Chez Malte Martin, pas d’images mais un jeu d’aplats, des formes archaïques ou un travail de typographie. Et pourtant que d’espace! Un paradoxe animé par une activité à deux têtes: l’atelier graphique pour la communication et le « théâtre visuel » Agrafmobile, laboratoire itinérant d’expérimentations publiques. En ville, les prises de paroles radicales comme les publicités les plus insipides sont vite relayées par d’autres. Malte Martin plasticien cherche à investir ce territoire de sorte que les mots y apparaissent différemment.

En 2002 à Chaumont, « le théâtre des questions » prend la forme d’un spectacle volatile, affranchi de la relation frontale aux murs du Festival. Agrafmobile y avait déjà travaillé la densité urbaine: pour « takalefaire », une forêt de pictogrammes des engagements des habitants faisait face à une terrasse de café, haut lieu du débat public planté de parasols.

Autre format, les récits collectés depuis 2007 dans le quartier Saint-Blaise à Paris y ont été projetés lors d’une Nuit Blanche, assortis d’une géologie mouvante ou de cellules organiques au déplacement lent. Une représentation des identités avec « des signes qui parlent moins fort ».

La communication du théâtre l’Athénée a coïncidé avec le retour à l’expérimentation d’Agrafmobile dans le cadre d’une commande. Année 2006, boulevard de Magenta: essai pour une stratégie de « basse tension ». Chaque semaine sont affichés les remarques de passants qui suscitent d’autres réactions comme un feuilleton. La parole anecdotique n’y est pas moins puissante: « Piéton: automobiliste descendu de sa voiture. Automobiliste: piéton remonté dans sa voiture ».

Malte Martin affichiste utilise la Din, la police des signalétiques autoroutières. D’ingénierie rigoureuse, elle possède des rondeurs qu’il nourrit pour accentuer sa dualité. Car le texte est la matière première du spectacle, son élégance… et son insolence: dans le manifeste « Malte Martin affiche deux théâtres », l’auteur se dit « frappé par la tendance à la tribalisation des identités » et veut inventer un langage à même de fédérer les publics. Il commence par agir sur les sens que la ville sollicite en nous. Son bruit lui inspire le besoin d’espaces visuels vacants qui fassent entendre le mot, le motif au sens de sa raison d’être.

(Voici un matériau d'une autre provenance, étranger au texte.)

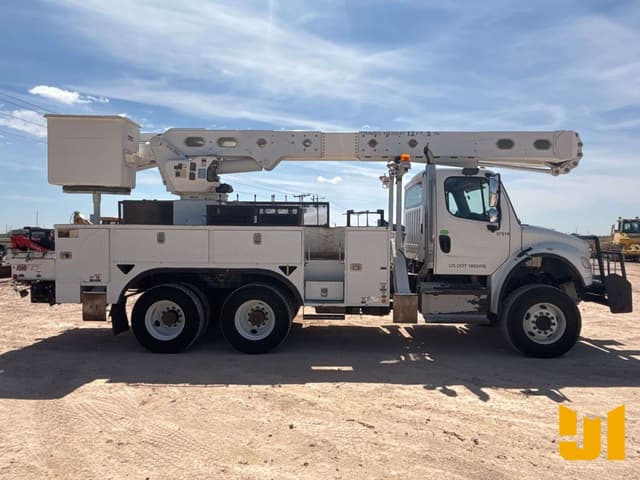 Image of Freightliner M2 equipment image 3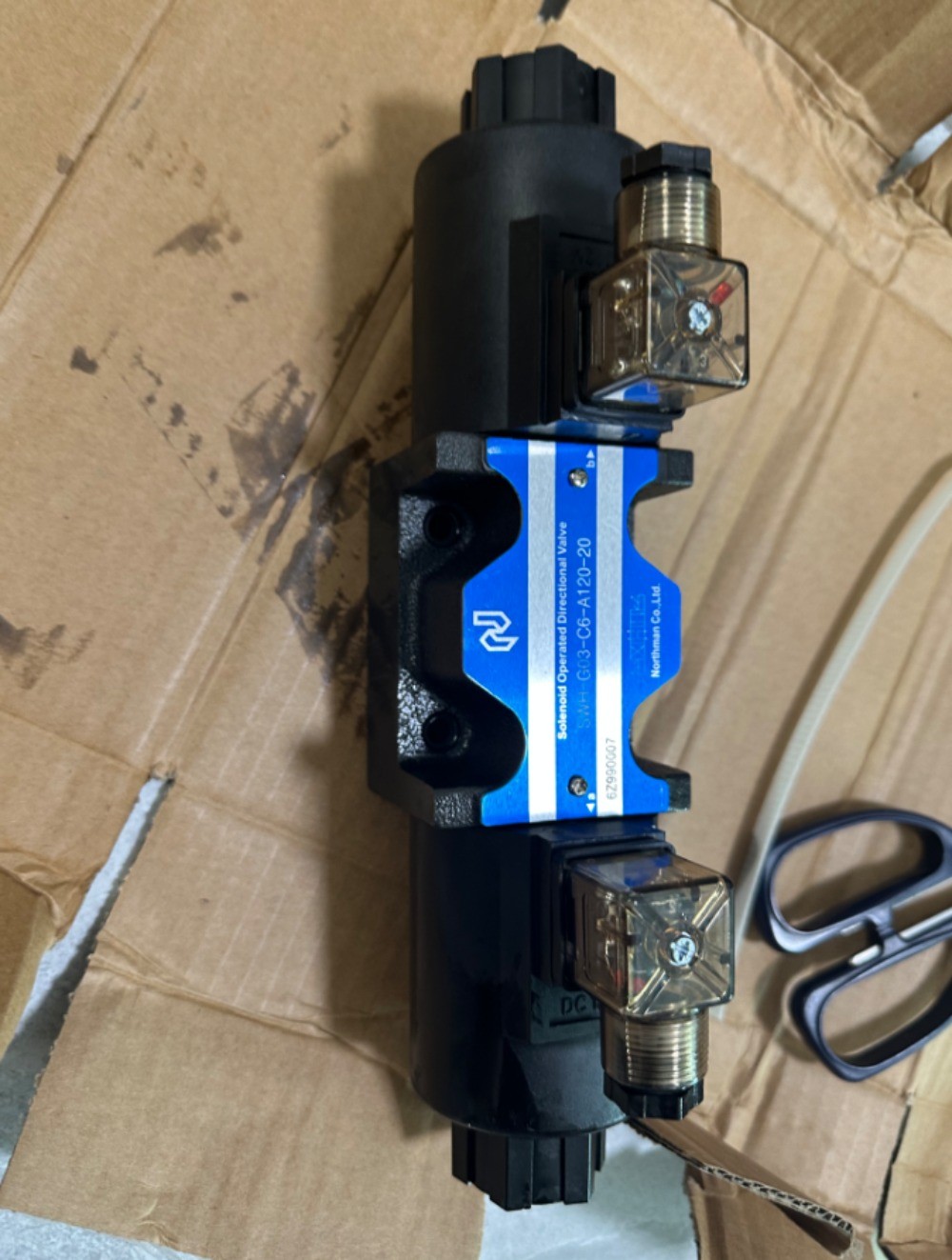 1PCS New Solenoid valve SWH-G03-C6-A120-20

Pour l’Athénée, des lettrages du noir au gris sur fond blanc, soulignés ou surlignés en négatif. Seul motif récurrent, un point rose fushia comme un signalement, qui lui a valu le slogan du « théâtre qui a un grain… de beauté ». Contraste et sobriété pour que se manifestent des intitulés en forme de déclamations ordinaires: « A chaque fois on s’embrasse et puis y’a rien de fait ».

Pour le Théâtre 71 à Malakoff, un titre : un signe, soit une forme bombée au pochoir. Le geste est humain, le motif ambivalent, comme une grenade en forme de flacon de parfum ou l’inverse. Et ce sur un aplat intense qui « fait le vide autour de lui ». Car le format des affiches déploie leur force visuelle sur deux mètres. Elles sont radicalement pensées pour les couloirs du métro, le déplacement de la rue.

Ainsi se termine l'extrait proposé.